2003 Seattle Annual Meeting (November 2–5, 2003)

Paper No. 13
Presentation Time: 4:30 PM


REIMUS, Paul W.1, DING, Mei2, ABDEL-FATTAH, Amr1 and ROBACK, Robert C.1, (1)C-INC, Los Alamos National Lab, Los Alamos, NM 87545, (2)Ees-14, Los Alamos National Lab, Los Alamos, NM 87545, roback@lanl.gov

Geochemists at Los Alamos National Laboratory have conducted several field and laboratory transport experiments in the past few years to support site characterization and performance assessment of the proposed high-level nuclear waste repository at Yucca Mountain. Three single-well injection-withdrawal tracer tests were conducted in saturated alluvium at the Alluvial Testing Complex (ATC) from late November 2000 through April 2001. The tests involved the simultaneous injection of nonsorbing solute tracers with different diffusion coefficients (a halide and a fluorinated benzoate) and the use of three different tracer rest periods in the aquifer before pumping. The tests indicated that the saturated alluvium behaved as a single-porosity system, and they also provided estimates of groundwater flow rates at the site.
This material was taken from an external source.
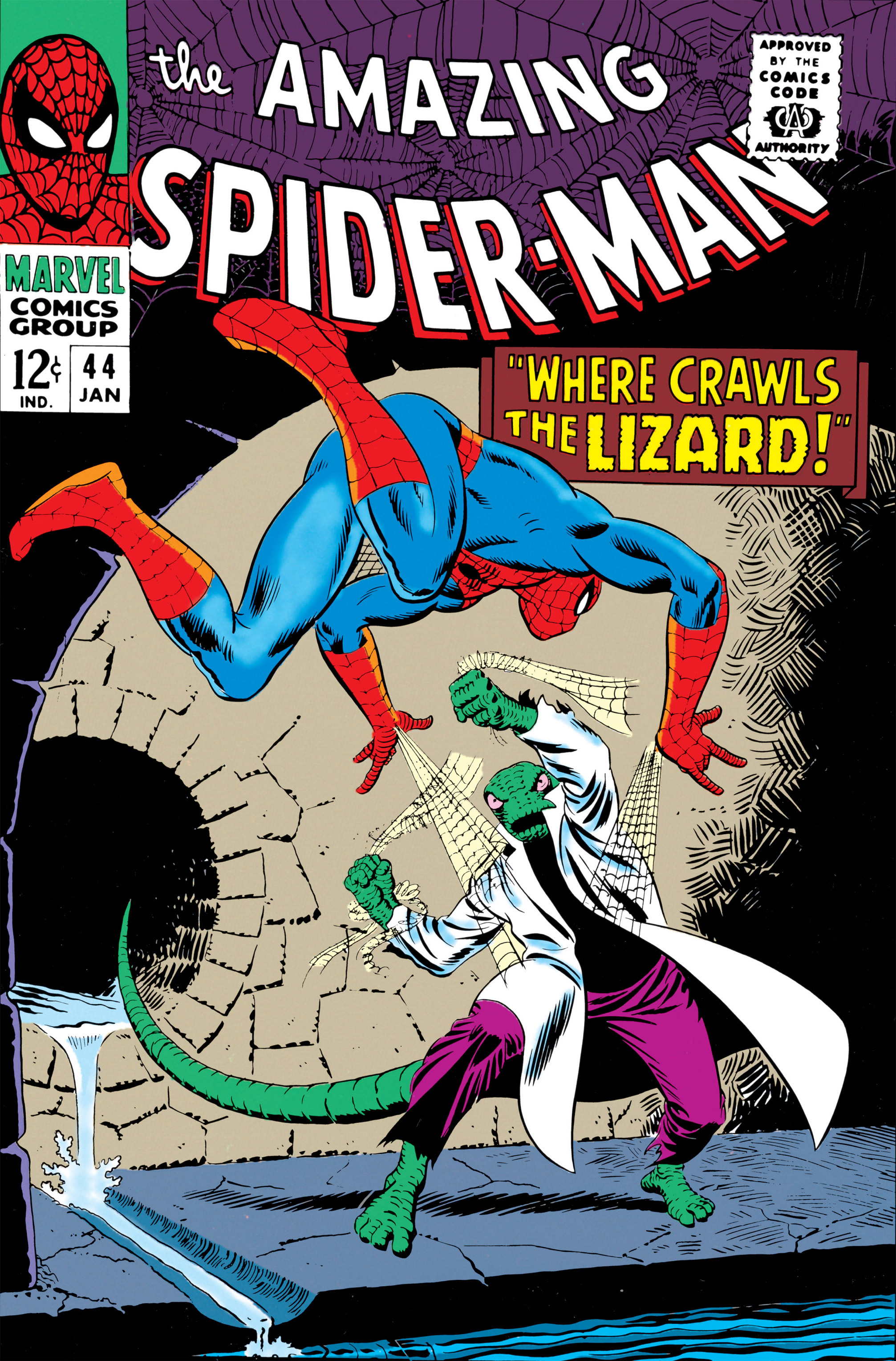 Read online The Amazing Spider-Man (1963) comic -  Issue #44 - 1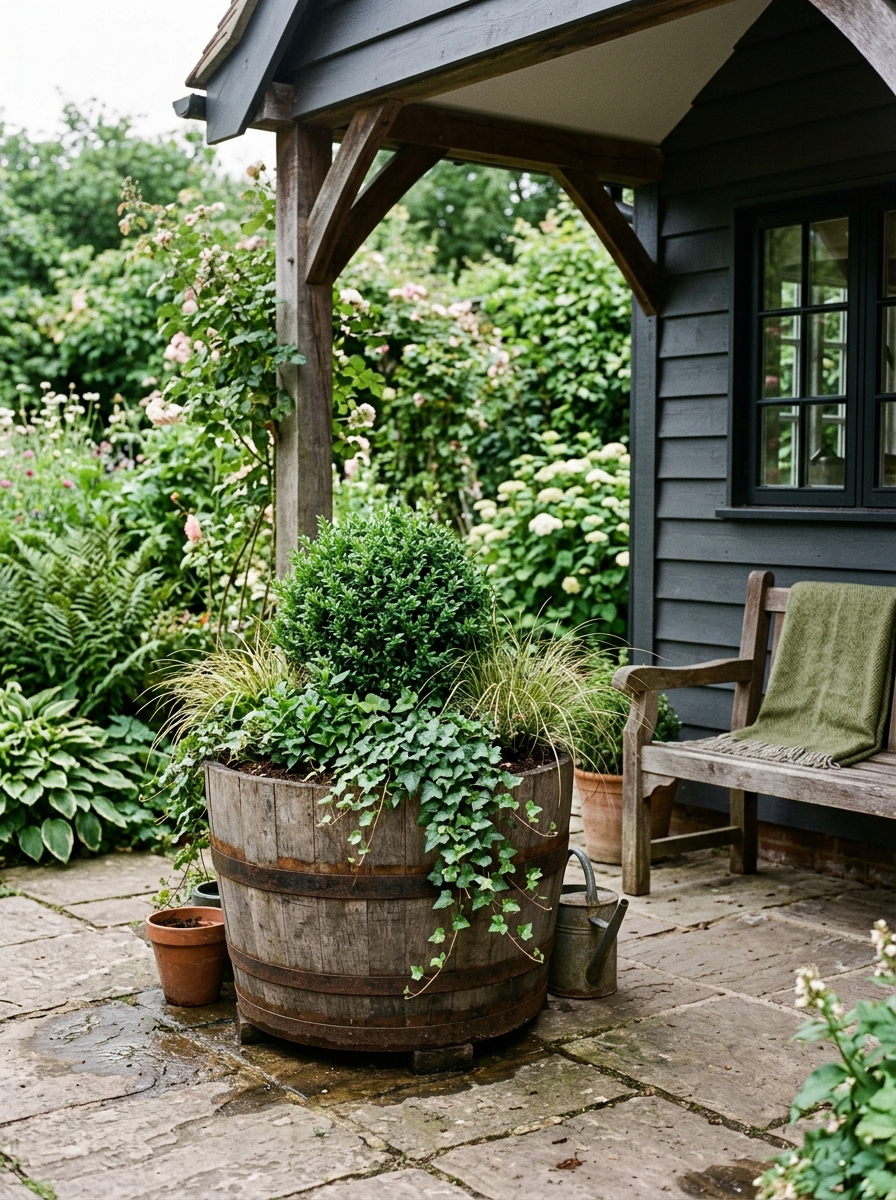 Evergreen Barrel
Laboratory radionuclide batch sorption and column transport experiments have been conducted using representative samples of alluvium along the projected flow pathway(s) from the proposed repository. Unlike previous sorption experiments, which focused primarily on determining partition coefficients (Kd values), these experiments placed greater emphasis on determining the desorption behavior of the radionuclides. Multi-step desorption experiments (repeatedly introducing fresh water to try to induce desorption) and long-duration column experiments were designed to determine distributions of desorption rate constants and to estimate fractions of irreversibly sorbed radionuclides.

Finally, column transport experiments have been conducted using Pu (initially Pu(V) in solution) sorbed onto natural colloids collected from the saturated alluvium at the ATC. Results show that colloids smaller than about 200-nm may play a major role in enhancing Pu transport. To our knowledge, these experiments represent the first colloid-facilitated Pu transport experiments conducted using natural colloids, natural water, and natural porous media.